Epic Monasteries Near Plovdiv
The monasteries near Plovdiv will give you a glimpse into the rich history of Bulgaria and the region. So why visit them? Throughout centuries of invasion and destruction, monasteries have stood as a symbol of faith and an important unifier for the people.
The 5 centuries of Ottoman rule are by far the most controversial part of Bulgarian history. During this period the Bulgarian people had limited civil rights. The culture was narrowed down to old folklore and education in monasteries. Language, Christianity and traditions are what united the Bulgarian people for centuries.
Many of these monasteries have been restored throughout the years and are still functioning today! Here are the ones worth visiting in the region of Plovdiv!
1/ Arapovo Monastery
Тhe Arapovo monastery “St Nedelya” is located 8km to the northeast of the town of Assenovgrad, close to the village of Zlatovrah (formerly named Arapovo). Construction of the monastery began around 1856 (during the Ottoman rule) and was initiated by the hieromonk Sophronius.

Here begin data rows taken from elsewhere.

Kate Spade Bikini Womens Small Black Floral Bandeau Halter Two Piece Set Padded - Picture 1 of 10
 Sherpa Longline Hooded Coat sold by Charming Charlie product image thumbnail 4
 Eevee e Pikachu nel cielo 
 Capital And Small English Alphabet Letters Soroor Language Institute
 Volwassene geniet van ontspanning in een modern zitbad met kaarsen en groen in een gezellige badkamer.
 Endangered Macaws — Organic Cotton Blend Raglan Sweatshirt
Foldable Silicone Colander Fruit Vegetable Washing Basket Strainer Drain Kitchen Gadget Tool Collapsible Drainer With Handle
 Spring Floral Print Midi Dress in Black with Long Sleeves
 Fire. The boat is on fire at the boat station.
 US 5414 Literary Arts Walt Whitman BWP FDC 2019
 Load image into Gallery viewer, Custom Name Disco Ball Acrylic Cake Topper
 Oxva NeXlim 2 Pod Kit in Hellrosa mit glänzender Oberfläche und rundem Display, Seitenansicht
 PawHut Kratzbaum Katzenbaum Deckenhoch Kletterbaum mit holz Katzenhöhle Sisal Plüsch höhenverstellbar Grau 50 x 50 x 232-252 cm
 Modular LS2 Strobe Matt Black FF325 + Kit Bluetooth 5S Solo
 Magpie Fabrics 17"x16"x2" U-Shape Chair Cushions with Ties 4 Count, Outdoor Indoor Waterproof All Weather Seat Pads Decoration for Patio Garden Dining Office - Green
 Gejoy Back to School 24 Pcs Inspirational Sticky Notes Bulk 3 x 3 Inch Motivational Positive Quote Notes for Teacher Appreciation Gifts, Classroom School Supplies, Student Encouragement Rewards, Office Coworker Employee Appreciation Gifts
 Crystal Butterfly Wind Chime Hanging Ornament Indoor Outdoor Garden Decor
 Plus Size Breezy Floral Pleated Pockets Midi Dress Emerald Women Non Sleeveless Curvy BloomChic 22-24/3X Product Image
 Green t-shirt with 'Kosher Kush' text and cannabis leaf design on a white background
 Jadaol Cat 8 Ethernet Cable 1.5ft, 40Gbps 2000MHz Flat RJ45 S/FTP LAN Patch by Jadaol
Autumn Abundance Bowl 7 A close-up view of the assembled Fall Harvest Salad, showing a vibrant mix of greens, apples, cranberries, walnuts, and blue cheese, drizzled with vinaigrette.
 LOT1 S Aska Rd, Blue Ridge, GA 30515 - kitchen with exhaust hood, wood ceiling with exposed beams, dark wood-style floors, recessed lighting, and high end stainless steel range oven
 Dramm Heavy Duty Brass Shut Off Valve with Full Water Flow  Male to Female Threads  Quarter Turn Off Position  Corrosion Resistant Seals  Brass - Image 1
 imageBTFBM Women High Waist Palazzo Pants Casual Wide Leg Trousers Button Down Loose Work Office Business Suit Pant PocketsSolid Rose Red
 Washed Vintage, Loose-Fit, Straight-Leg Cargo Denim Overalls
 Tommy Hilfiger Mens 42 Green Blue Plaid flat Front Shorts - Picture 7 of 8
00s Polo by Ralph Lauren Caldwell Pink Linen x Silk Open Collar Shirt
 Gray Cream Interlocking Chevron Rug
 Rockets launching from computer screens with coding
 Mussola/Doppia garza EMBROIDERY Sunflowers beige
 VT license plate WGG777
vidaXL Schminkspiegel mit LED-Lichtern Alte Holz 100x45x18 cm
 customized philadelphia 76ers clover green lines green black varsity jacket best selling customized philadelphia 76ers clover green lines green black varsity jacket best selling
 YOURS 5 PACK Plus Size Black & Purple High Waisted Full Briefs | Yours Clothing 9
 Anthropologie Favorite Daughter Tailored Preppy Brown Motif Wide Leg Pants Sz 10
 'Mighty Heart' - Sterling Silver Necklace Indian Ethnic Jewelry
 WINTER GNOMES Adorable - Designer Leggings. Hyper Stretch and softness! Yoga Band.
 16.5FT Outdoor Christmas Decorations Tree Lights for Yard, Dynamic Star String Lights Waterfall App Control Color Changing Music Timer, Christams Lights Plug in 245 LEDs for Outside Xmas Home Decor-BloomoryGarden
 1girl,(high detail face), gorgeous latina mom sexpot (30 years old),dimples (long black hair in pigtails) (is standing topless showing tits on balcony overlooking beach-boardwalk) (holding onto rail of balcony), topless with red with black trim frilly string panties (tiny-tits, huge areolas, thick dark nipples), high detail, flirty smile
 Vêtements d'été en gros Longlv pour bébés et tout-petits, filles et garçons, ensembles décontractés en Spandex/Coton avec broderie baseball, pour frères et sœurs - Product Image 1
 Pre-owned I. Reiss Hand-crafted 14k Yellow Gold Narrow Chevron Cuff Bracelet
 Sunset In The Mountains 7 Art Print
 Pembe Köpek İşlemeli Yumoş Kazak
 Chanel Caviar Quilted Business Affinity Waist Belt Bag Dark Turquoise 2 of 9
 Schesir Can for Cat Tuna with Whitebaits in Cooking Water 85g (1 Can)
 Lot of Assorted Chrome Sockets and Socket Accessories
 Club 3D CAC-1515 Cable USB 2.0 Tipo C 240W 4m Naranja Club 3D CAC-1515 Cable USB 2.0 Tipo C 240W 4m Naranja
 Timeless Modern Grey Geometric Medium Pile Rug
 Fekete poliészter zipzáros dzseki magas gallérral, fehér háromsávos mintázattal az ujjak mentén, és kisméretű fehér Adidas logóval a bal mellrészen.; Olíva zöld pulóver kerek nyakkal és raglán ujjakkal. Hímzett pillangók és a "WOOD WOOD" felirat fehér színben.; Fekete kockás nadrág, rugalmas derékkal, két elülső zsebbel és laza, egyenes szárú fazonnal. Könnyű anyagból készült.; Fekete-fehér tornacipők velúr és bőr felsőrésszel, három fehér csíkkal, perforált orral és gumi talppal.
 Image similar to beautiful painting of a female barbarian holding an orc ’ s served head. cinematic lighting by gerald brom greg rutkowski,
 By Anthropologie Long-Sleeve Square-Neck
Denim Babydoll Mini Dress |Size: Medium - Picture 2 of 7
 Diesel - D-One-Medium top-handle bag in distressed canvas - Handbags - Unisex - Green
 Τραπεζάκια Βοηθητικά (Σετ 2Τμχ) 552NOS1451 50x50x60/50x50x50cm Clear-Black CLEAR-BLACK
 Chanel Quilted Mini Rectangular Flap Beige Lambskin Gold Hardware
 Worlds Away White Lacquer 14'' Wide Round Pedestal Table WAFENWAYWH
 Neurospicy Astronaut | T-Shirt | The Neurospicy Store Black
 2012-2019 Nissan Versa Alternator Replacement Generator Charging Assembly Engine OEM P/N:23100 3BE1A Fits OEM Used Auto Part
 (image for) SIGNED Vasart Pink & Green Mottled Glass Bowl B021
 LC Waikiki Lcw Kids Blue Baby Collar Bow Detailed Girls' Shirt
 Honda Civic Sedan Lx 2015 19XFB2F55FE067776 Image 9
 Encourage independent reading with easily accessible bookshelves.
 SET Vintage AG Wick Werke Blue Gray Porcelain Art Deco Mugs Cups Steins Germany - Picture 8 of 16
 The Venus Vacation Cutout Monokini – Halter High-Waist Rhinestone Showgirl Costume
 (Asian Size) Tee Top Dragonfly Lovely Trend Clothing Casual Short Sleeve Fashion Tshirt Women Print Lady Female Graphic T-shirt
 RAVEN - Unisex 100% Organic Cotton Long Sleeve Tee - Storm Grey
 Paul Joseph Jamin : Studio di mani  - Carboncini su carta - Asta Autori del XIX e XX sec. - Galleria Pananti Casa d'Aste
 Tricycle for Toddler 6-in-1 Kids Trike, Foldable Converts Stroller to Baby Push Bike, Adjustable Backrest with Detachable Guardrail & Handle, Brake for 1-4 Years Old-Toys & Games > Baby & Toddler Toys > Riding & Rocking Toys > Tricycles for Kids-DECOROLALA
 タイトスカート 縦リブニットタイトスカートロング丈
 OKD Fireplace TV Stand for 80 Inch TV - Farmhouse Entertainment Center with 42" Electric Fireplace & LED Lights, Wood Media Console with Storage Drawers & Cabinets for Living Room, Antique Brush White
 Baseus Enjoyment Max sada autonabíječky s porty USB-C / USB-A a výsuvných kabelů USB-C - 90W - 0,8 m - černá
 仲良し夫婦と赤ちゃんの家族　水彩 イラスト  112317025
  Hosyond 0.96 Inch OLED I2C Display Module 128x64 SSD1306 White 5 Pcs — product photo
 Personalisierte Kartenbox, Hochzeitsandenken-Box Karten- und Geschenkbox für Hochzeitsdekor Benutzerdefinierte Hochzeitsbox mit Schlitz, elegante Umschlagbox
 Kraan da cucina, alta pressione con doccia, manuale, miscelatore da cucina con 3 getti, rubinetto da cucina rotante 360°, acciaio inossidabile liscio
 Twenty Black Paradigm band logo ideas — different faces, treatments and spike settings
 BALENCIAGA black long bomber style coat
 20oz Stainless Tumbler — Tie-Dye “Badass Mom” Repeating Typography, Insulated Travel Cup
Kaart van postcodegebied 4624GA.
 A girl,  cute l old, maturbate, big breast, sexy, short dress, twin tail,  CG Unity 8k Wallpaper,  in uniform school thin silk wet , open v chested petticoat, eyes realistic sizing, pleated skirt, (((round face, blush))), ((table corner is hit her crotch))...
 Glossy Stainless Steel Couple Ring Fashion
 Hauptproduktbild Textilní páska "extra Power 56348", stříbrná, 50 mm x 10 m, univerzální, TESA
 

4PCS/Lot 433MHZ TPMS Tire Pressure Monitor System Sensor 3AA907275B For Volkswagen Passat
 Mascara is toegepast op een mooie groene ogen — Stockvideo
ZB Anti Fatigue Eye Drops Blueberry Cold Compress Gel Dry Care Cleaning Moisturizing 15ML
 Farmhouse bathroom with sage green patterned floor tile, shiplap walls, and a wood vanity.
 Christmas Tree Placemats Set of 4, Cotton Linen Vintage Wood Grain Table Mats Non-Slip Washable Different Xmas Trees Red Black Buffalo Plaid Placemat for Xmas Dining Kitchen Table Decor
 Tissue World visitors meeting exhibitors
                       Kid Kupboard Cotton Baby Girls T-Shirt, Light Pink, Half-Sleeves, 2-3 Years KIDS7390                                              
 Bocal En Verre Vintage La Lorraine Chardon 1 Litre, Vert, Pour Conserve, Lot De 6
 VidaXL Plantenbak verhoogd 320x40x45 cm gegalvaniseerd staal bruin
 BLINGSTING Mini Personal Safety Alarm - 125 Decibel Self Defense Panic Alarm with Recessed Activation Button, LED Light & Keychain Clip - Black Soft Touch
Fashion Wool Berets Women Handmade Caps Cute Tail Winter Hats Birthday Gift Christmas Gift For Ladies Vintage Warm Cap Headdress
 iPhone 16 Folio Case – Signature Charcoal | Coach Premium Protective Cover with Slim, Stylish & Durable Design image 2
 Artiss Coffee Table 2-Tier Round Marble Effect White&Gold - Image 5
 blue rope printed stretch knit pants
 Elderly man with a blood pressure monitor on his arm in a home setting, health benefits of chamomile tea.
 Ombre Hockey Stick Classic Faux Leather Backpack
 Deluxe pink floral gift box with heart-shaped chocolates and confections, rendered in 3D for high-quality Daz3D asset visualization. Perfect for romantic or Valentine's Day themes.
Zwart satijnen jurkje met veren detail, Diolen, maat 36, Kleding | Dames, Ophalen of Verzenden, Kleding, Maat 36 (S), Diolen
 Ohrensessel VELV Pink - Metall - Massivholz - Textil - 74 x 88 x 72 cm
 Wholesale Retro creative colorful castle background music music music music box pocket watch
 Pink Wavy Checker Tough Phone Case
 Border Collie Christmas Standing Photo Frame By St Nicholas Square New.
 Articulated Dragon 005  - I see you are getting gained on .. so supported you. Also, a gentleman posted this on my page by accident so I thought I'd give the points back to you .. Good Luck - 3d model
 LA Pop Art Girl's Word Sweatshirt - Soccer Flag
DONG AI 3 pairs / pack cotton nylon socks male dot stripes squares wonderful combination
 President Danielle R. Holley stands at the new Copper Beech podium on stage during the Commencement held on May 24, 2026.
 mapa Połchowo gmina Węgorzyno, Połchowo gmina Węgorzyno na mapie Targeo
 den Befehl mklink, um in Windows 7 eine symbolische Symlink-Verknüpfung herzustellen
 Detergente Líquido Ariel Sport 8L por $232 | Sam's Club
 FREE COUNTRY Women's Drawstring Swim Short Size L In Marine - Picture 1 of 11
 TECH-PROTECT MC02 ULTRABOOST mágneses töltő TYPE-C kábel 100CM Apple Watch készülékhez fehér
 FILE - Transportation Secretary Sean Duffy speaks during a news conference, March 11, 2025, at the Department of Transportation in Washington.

There is a local legend about a holy spring nearby which is said to be the reason why the monastery was built there. According to the legend, a local Turkish ruler named Arap Bey took his sick beloved there and after claimed that the water from the holy spring healed her. To show his gratitude, he donated a piece of land and allowed for a monastery to be built around the spring.
2/ Bachkovo Monastery
Bachkovo monastery is one of the most important monasteries of the Bulgarian Orthodox Church. It is the second biggest in the country after Rila monastery and certainly the most well known and visited one in the Plovdiv region. It lies in the valley of the Chepelare river (also known by the locals as Chaya), about 10km to the south of the town of Assenovgrad and is surrounded by the beautiful Rhodope mountains.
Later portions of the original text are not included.